====== PROVIDED RECORDS ======
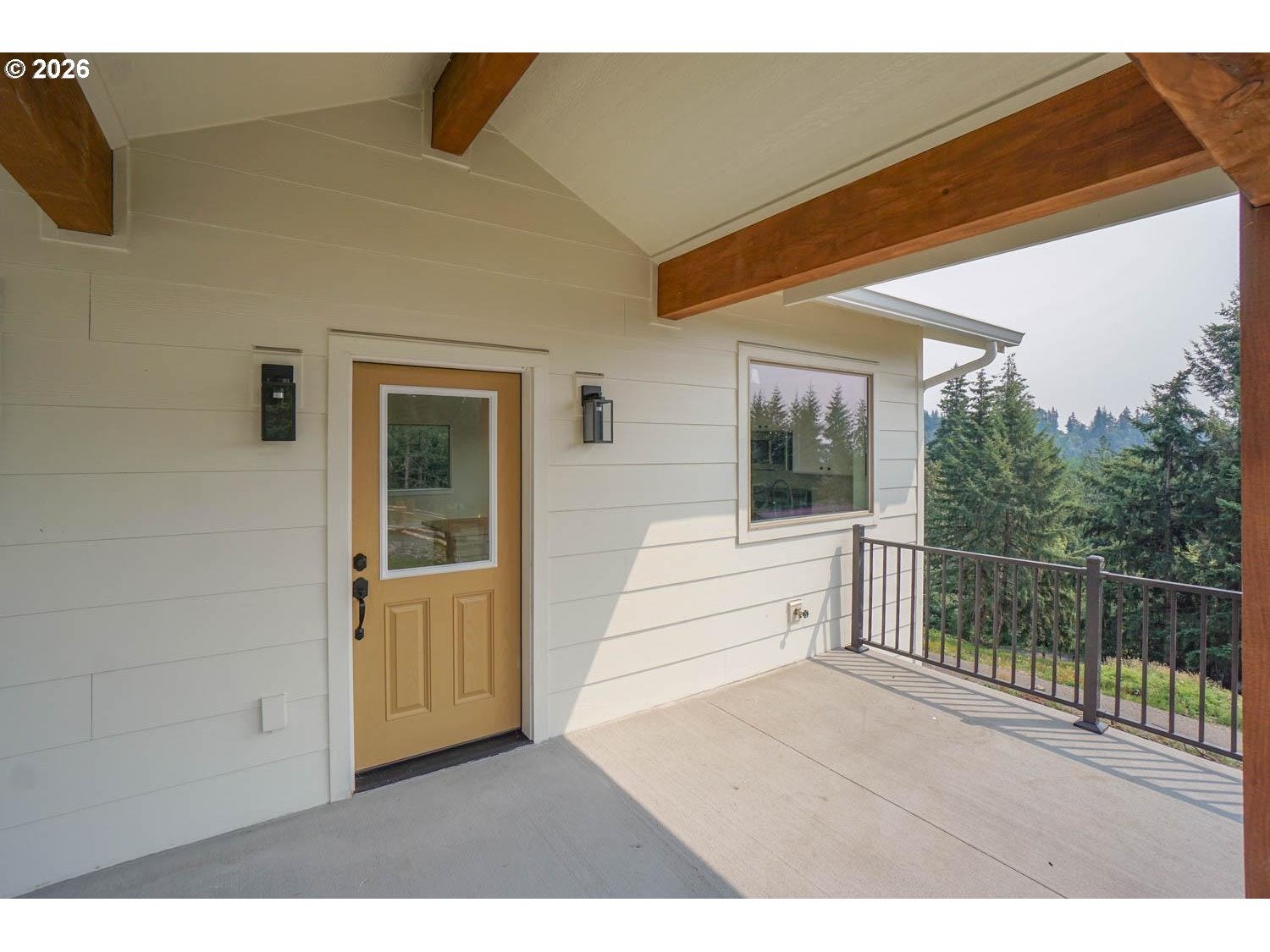 324 CHAMPION RD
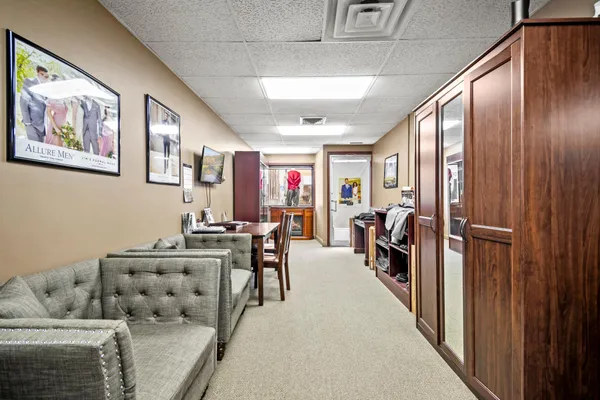 $388,900 | 315 North Cedar Avenue, Owatonna, MN 55060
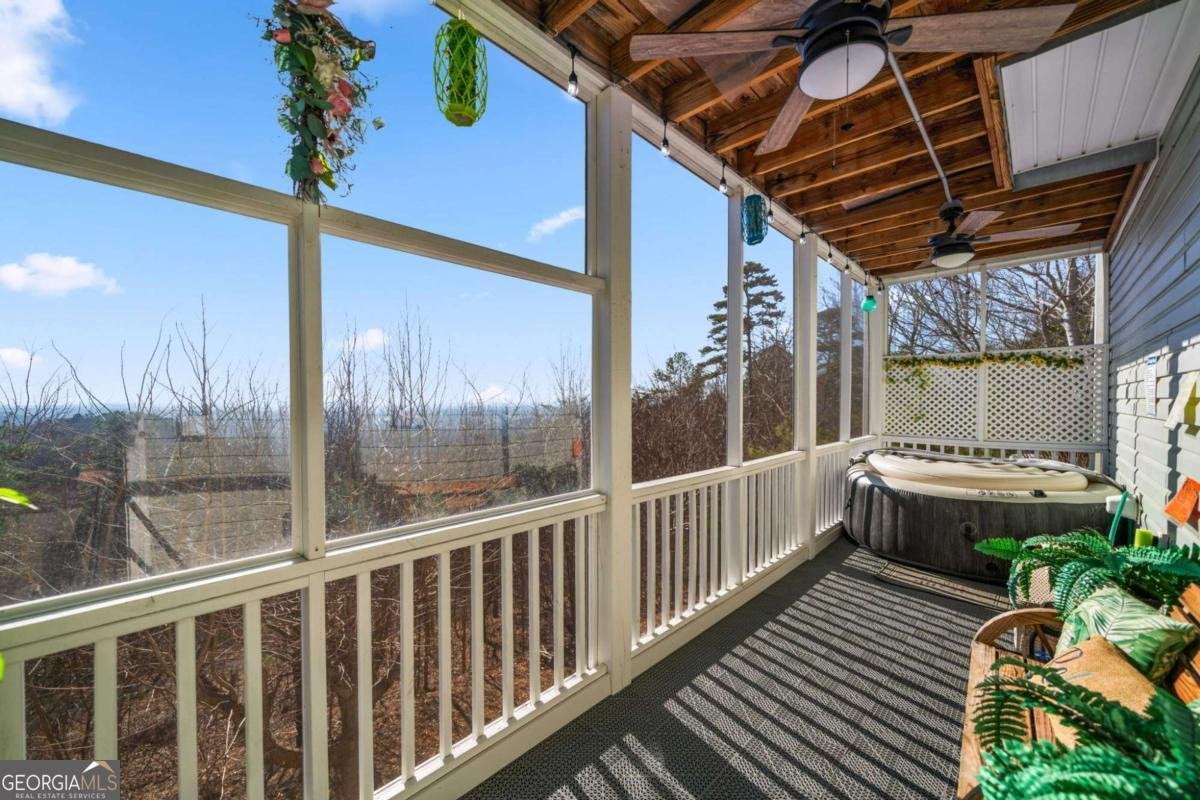 687 Anderson Lane Ranger - 26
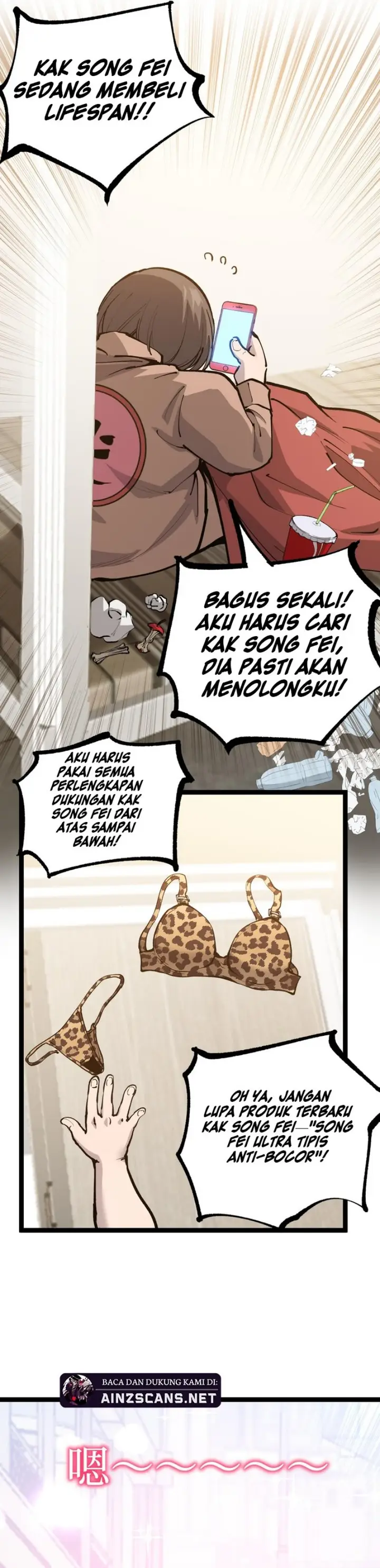 image-komik-god-level-assassin-im-the-shadow-chapter-18-4/24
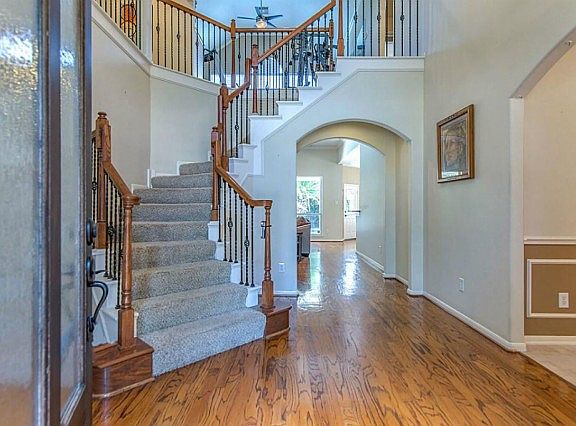 3rd image of 20203 Prim Pine Ct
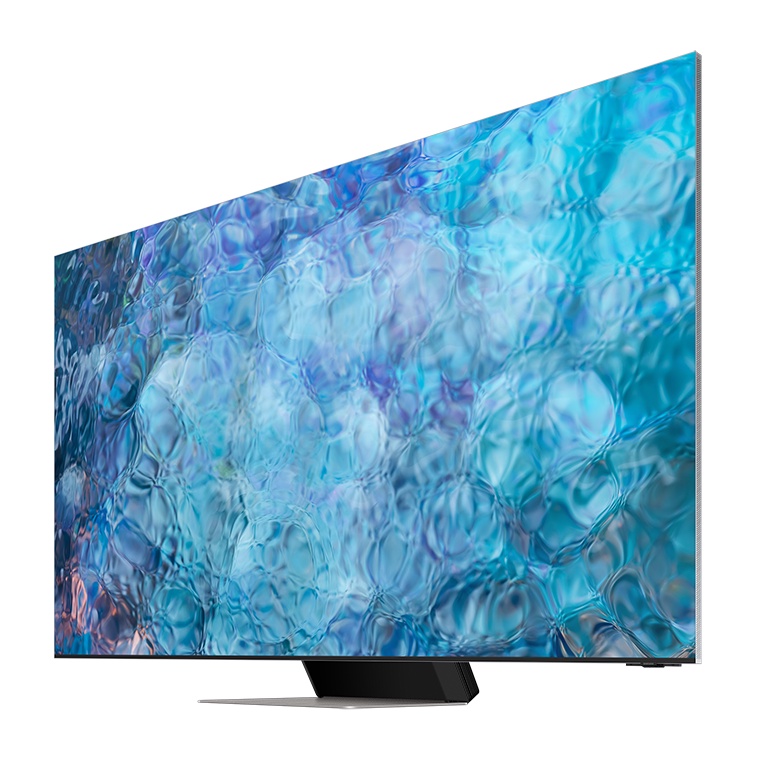 QA65QN900A   - MIỄN PHÍ CÔNG LẮP ĐẶT -Smart Tivi Neo QLED 8K 65 inch Samsung QA65QN900A Mới 2021 | BigBuy360 - bigbuy360.vn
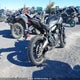 JYARM48N5SA000510 2025 Yamaha Mt-07 auction photo thumbnail 4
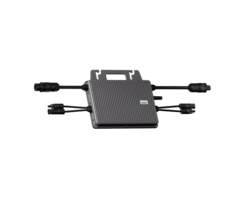 Tsun TSOL-600 micro onduleur 600W + câble AC de 5M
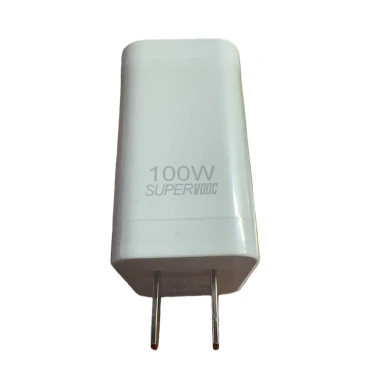 Bộ sạc nhanh 80W/100W Super VOOC Dart USB Type-C Oppo Realme Reno, 49.000 VND 8 Bộ sạc nhanh 80W/100W Super VOOC Dart USB Type-C Oppo Realme Reno, 49.000 VND 8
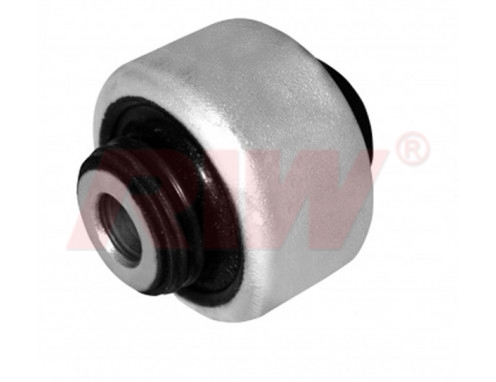 CITROEN C4 (B7) 2009 - Control Arm Bushing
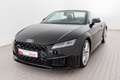 Audi TT 45 TFSI qu. S tr. VIRTUAL PDC MATRIX Schwarz - thumbnail 2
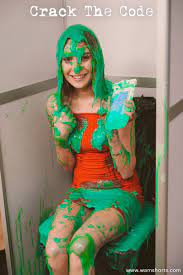 Wam gunge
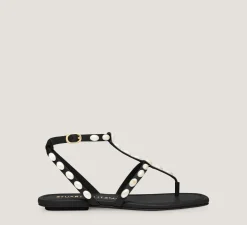 Flash Sale CHANGE LOCATION Flat & Low Heel Sandals|The SW Extended Sizes Collection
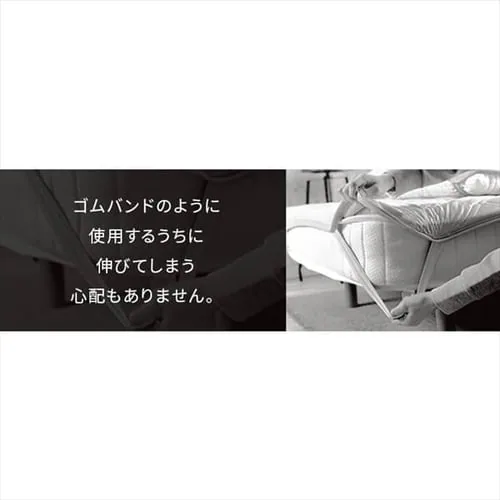 �~���p�b�h �V���O�� �ėp �ڐG�⊴ Q-max0.552 �~������ �O���[_11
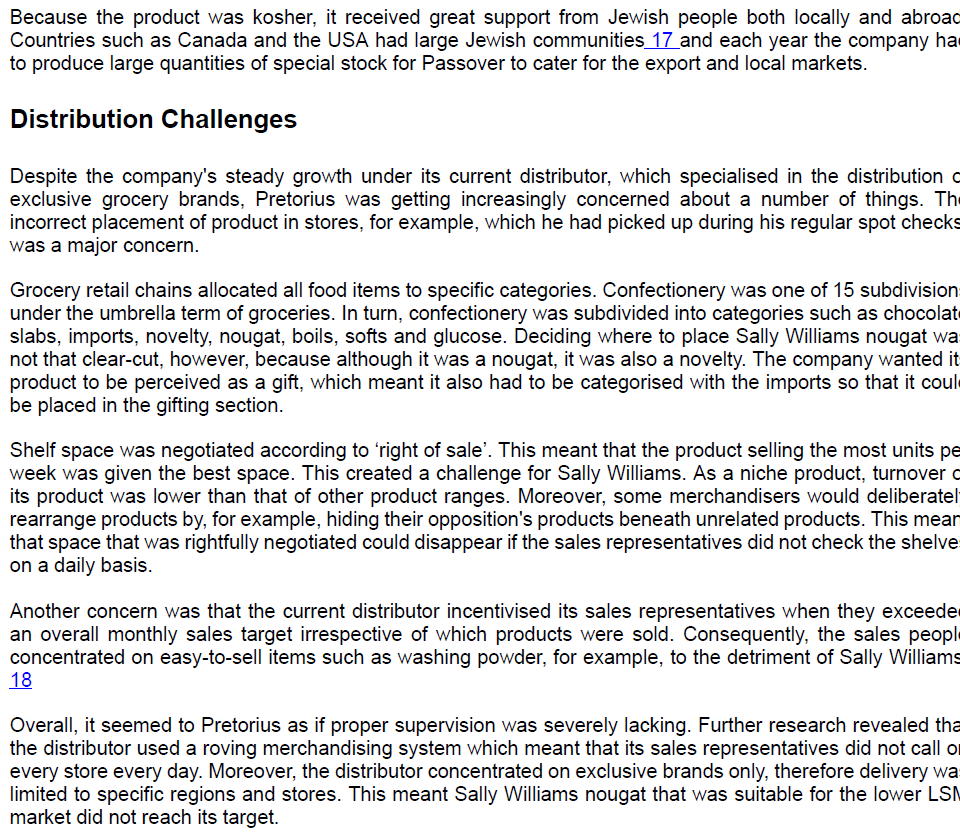 PMO's success? Establish metrics and KPIs that are relevant to the PMO's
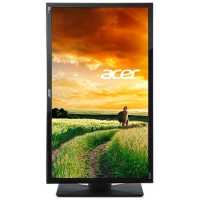 Acer CB281HKbmjdprx
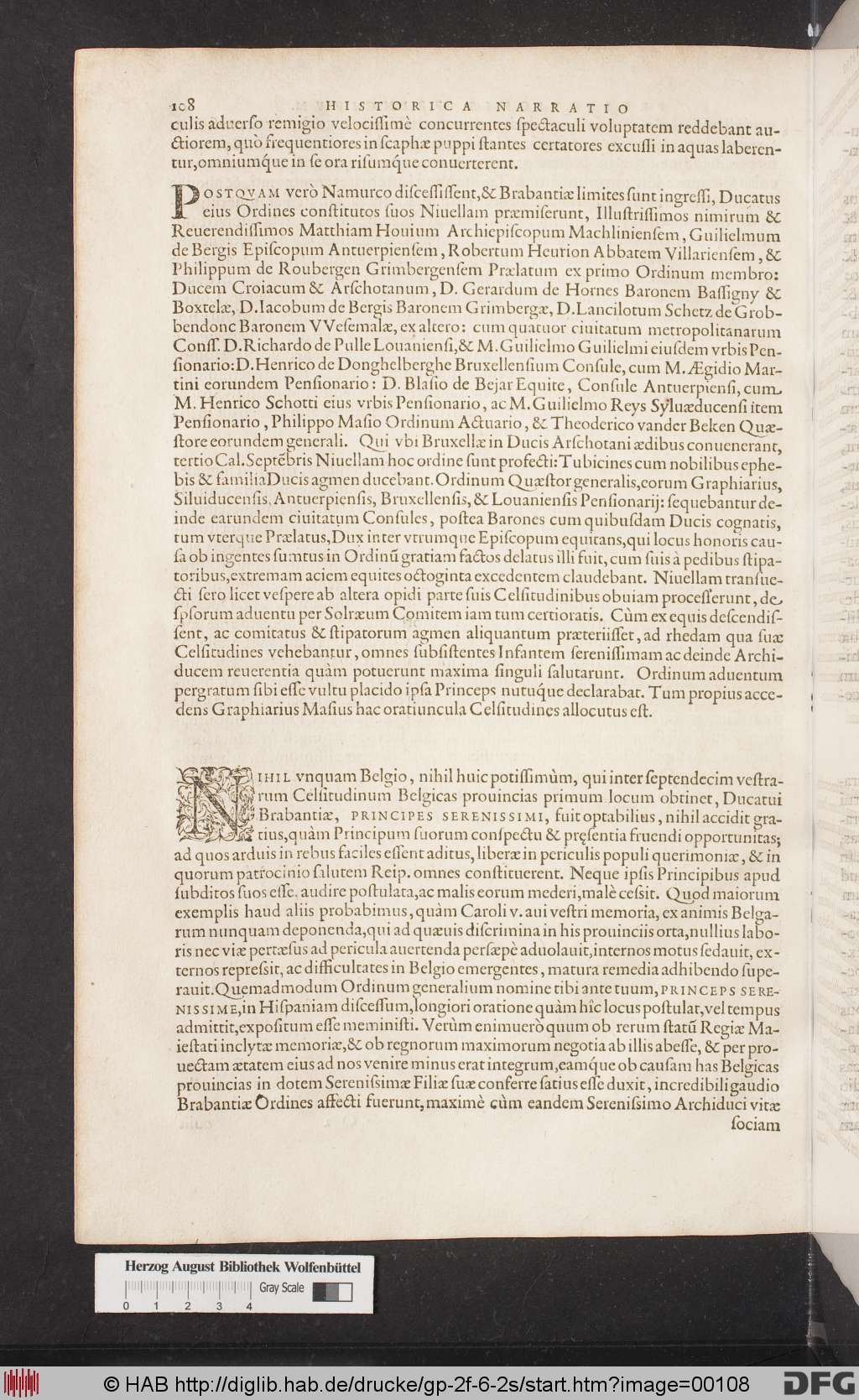http://diglib.hab.de/drucke/gp-2f-6-2s/00108.jpg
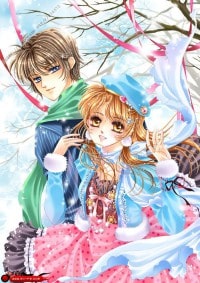 【海棠】异种爱好者的幸福(诱受,人外主,多攻)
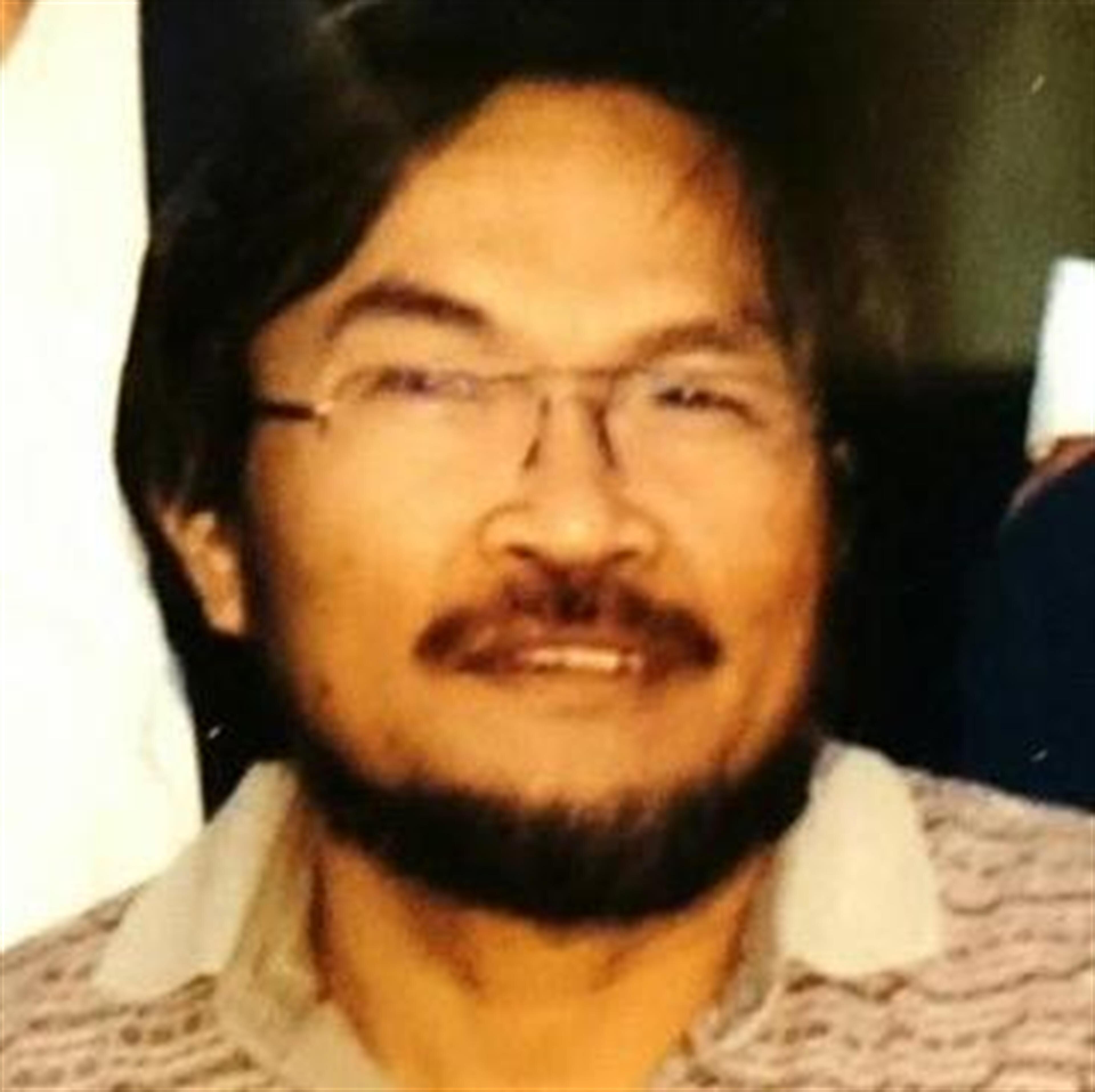 Tai Huu Huynh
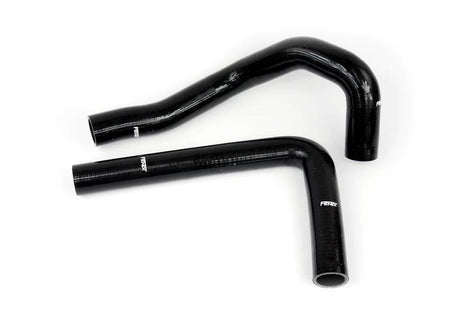 Toyota Supra JZA80 2JZGTE Silicone Radiator Hose Kit - Prolink Performance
======
• EXERCISE BRIEF:
Please repeat each line above exactly as it appears, but omit the pictures.

• WRITTEN REPLY:
 324 CHAMPION RD
 $388,900 | 315 North Cedar Avenue, Owatonna, MN 55060
 687 Anderson Lane Ranger - 26
 image-komik-god-level-assassin-im-the-shadow-chapter-18-4/24
 3rd image of 20203 Prim Pine Ct
 QA65QN900A   - MIỄN PHÍ CÔNG LẮP ĐẶT -Smart Tivi Neo QLED 8K 65 inch Samsung QA65QN900A Mới 2021 | BigBuy360 - bigbuy360.vn
 JYARM48N5SA000510 2025 Yamaha Mt-07 auction photo thumbnail 4
 Tsun TSOL-600 micro onduleur 600W + câble AC de 5M
 Bộ sạc nhanh 80W/100W Super VOOC Dart USB Type-C Oppo Realme Reno, 49.000 VND 8 Bộ sạc nhanh 80W/100W Super VOOC Dart USB Type-C Oppo Realme Reno, 49.000 VND 8
 CITROEN C4 (B7) 2009 - Control Arm Bushing
 Audi TT 45 TFSI qu. S tr. VIRTUAL PDC MATRIX Schwarz - thumbnail 2
 Wam gunge
 Flash Sale CHANGE LOCATION Flat & Low Heel Sandals|The SW Extended Sizes Collection
 �~���p�b�h �V���O�� �ėp �ڐG�⊴ Q-max0.552 �~������ �O���[_11
 PMO's success? Establish metrics and KPIs that are relevant to the PMO's
 Acer CB281HKbmjdprx
http://diglib.hab.de/drucke/gp-2f-6-2s/00108.jpg
 【海棠】异种爱好者的幸福(诱受,人外主,多攻)
 Tai Huu Huynh
 Toyota Supra JZA80 2JZGTE Silicone Radiator Hose Kit - Prolink Performance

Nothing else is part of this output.